What the exercise asks
In the records below, find the line that contains "Alicia online show from 14, 9, 2025" and the line that contains "กรุงเทพ CX-1235 ขายคอนโด", then retype exactly those two lines and every line between them.

========================

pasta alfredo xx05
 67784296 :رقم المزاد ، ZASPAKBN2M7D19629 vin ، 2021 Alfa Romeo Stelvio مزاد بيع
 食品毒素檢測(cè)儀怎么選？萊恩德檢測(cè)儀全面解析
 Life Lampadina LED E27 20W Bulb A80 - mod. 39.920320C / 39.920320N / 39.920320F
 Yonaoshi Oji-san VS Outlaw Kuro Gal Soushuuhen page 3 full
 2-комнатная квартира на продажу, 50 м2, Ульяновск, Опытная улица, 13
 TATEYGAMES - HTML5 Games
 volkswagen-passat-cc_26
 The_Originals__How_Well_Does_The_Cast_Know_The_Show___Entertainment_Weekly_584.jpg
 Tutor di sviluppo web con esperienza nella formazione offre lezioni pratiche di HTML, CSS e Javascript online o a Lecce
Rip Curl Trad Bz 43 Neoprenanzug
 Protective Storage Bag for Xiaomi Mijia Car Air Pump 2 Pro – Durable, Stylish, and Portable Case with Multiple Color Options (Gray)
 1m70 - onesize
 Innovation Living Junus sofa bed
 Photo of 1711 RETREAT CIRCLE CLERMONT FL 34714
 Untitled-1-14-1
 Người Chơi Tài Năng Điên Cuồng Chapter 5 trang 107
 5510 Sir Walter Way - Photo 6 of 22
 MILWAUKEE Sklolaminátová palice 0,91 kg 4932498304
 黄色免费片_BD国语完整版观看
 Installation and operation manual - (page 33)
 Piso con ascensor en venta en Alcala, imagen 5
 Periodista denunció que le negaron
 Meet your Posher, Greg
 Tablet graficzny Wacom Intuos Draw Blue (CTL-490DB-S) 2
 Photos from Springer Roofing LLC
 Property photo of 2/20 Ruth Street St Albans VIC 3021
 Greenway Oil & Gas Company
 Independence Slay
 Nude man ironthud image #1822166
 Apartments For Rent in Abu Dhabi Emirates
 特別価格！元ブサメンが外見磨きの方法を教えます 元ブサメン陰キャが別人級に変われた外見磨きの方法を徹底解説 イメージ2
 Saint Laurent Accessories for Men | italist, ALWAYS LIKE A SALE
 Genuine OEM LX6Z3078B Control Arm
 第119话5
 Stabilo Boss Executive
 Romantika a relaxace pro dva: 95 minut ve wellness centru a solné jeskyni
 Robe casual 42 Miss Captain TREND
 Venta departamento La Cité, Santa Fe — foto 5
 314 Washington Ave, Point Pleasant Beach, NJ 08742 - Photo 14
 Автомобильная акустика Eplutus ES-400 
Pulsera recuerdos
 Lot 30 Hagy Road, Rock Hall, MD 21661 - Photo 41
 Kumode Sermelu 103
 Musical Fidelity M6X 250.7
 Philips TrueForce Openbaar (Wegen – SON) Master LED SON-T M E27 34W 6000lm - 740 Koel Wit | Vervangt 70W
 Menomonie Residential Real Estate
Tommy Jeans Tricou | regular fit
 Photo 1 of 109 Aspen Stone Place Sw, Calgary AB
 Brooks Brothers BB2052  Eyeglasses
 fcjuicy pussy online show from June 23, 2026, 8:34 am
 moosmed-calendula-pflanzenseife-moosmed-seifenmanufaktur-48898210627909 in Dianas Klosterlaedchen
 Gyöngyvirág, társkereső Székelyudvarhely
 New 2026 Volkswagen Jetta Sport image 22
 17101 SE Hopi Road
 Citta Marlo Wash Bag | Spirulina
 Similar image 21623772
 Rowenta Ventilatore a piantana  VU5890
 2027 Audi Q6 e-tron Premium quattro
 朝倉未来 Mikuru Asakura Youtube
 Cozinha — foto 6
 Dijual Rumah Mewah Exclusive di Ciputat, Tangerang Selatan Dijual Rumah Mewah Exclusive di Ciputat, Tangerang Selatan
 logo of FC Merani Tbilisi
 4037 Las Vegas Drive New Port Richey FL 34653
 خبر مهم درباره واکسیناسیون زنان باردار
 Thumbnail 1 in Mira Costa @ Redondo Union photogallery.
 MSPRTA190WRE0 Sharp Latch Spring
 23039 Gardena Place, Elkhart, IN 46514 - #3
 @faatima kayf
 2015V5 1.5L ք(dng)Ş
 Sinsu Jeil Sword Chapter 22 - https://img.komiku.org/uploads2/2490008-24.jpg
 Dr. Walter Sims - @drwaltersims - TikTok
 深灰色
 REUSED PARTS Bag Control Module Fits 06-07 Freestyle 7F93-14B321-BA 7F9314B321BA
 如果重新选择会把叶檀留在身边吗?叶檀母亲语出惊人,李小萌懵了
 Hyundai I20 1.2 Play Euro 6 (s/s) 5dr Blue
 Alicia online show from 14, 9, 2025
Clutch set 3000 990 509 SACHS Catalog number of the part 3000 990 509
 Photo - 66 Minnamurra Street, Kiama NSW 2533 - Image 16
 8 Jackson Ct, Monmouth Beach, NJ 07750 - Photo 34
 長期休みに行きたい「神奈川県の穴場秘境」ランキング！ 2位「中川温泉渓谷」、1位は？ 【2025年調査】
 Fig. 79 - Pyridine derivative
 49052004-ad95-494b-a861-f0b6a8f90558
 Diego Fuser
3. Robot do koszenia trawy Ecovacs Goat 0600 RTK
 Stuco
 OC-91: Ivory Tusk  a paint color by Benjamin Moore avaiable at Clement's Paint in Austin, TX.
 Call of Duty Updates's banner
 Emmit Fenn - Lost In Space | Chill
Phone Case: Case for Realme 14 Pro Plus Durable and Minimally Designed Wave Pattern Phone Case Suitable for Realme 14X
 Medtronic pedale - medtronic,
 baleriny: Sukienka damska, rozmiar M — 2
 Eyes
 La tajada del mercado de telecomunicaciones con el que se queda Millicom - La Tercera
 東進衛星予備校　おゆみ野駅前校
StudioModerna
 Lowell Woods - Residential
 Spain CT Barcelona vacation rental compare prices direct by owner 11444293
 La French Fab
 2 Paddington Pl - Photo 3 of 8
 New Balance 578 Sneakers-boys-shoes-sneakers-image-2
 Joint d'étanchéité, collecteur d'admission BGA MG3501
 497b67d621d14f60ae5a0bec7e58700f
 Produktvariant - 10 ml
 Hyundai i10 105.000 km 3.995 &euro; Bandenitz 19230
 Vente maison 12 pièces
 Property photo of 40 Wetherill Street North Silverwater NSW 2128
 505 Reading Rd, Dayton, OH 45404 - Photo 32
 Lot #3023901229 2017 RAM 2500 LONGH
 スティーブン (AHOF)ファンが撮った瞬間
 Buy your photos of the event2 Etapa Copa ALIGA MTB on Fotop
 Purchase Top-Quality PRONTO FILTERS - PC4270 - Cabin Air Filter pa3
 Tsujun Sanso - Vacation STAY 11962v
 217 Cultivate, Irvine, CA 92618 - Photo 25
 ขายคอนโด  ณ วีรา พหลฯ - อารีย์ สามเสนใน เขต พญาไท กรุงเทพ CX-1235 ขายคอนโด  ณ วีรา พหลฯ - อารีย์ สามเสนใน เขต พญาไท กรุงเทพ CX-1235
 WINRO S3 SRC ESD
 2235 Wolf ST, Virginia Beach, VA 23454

========================

Output for this exercise
 Alicia online show from 14, 9, 2025
Clutch set 3000 990 509 SACHS Catalog number of the part 3000 990 509
 Photo - 66 Minnamurra Street, Kiama NSW 2533 - Image 16
 8 Jackson Ct, Monmouth Beach, NJ 07750 - Photo 34
 長期休みに行きたい「神奈川県の穴場秘境」ランキング！ 2位「中川温泉渓谷」、1位は？ 【2025年調査】
 Fig. 79 - Pyridine derivative
 49052004-ad95-494b-a861-f0b6a8f90558
 Diego Fuser
3. Robot do koszenia trawy Ecovacs Goat 0600 RTK
 Stuco
 OC-91: Ivory Tusk  a paint color by Benjamin Moore avaiable at Clement's Paint in Austin, TX.
 Call of Duty Updates's banner
 Emmit Fenn - Lost In Space | Chill
Phone Case: Case for Realme 14 Pro Plus Durable and Minimally Designed Wave Pattern Phone Case Suitable for Realme 14X
 Medtronic pedale - medtronic,
 baleriny: Sukienka damska, rozmiar M — 2
 Eyes
 La tajada del mercado de telecomunicaciones con el que se queda Millicom - La Tercera
 東進衛星予備校　おゆみ野駅前校
StudioModerna
 Lowell Woods - Residential
 Spain CT Barcelona vacation rental compare prices direct by owner 11444293
 La French Fab
 2 Paddington Pl - Photo 3 of 8
 New Balance 578 Sneakers-boys-shoes-sneakers-image-2
 Joint d'étanchéité, collecteur d'admission BGA MG3501
 497b67d621d14f60ae5a0bec7e58700f
 Produktvariant - 10 ml
 Hyundai i10 105.000 km 3.995 &euro; Bandenitz 19230
 Vente maison 12 pièces
 Property photo of 40 Wetherill Street North Silverwater NSW 2128
 505 Reading Rd, Dayton, OH 45404 - Photo 32
 Lot #3023901229 2017 RAM 2500 LONGH
 スティーブン (AHOF)ファンが撮った瞬間
 Buy your photos of the event2 Etapa Copa ALIGA MTB on Fotop
 Purchase Top-Quality PRONTO FILTERS - PC4270 - Cabin Air Filter pa3
 Tsujun Sanso - Vacation STAY 11962v
 217 Cultivate, Irvine, CA 92618 - Photo 25
 ขายคอนโด  ณ วีรา พหลฯ - อารีย์ สามเสนใน เขต พญาไท กรุงเทพ CX-1235 ขายคอนโด  ณ วีรา พหลฯ - อารีย์ สามเสนใน เขต พญาไท กรุงเทพ CX-1235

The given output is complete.